I take a swig of my beer, press my eyes tight. It’s impossible. A trick of the brain—I’m thinking of it only because such things were just on my mind. Such feelings have never been a problem, and never will be. I have eaten of arson and extortion and assault, witnessed each from a laughing distance. For any darkness that crept close, I knew exactly how to capture it in a jar and screw the lid on tight.

So, as I say, it’s impossible. The feeling flickers in my stomach like an antacid, fizzes up and disappears.
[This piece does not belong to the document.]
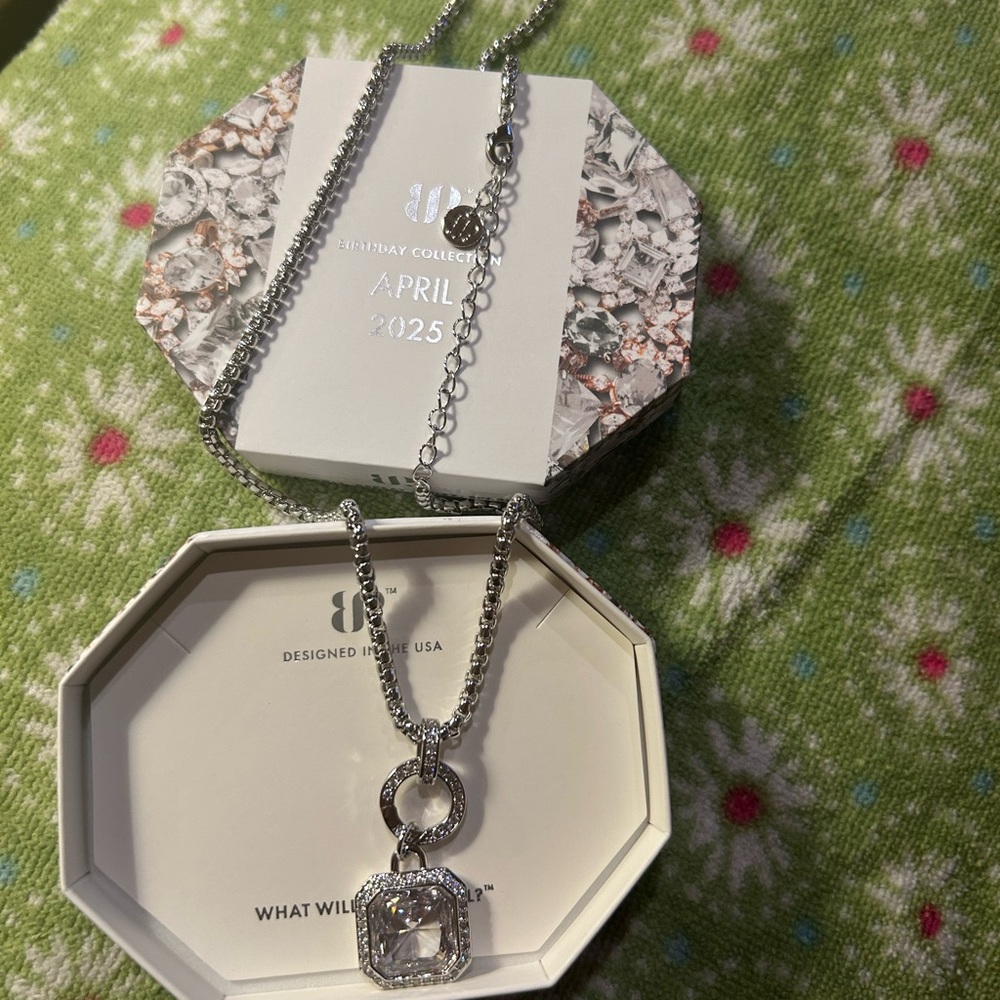 Minimalist Silver Necklace with Engraved Pendant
“C’mere,” I say to Bellope, my throat thick. She turns to me, lips open and gorgeous. I grin lasciviously. We fall upon each other with grabby hands, and I collapse into the wonder of her mouth.

The next morning, we wake late and tangled. There’s a shaft of sunlight spearing her sheets, highlighting the crumbs and streaks of menstrual blood. I smooth it out lazily.

“I had a strange dream,” Bellope says. 

“Oh?” My own sleep was fast and full of car chases. A single explosion sent skyscrapers crashing into the sea. 

“You were in it.” She presses the flesh of my breasts together, and we watch a drip of sweat run down my cleavage and onto the bed. “You kept screaming.” She shakes her head twice as if trying to erase the image. “There was something in your throat, it was rising.”

I swallow, feeling that thickening again. “Bile?” 

She shakes her head. “Dough.” A hand at her own neck, as if by doing so she could keep whatever is in there down. “It kept getting bigger and bigger.”

There’s that fable about the fisherman’s wife, the one whose jealousy grew so fat it choked her.

“But of course you’re not like that.” Bellope’s smile is dripping from her lips. “Of course, you’re not like ordinary people.” 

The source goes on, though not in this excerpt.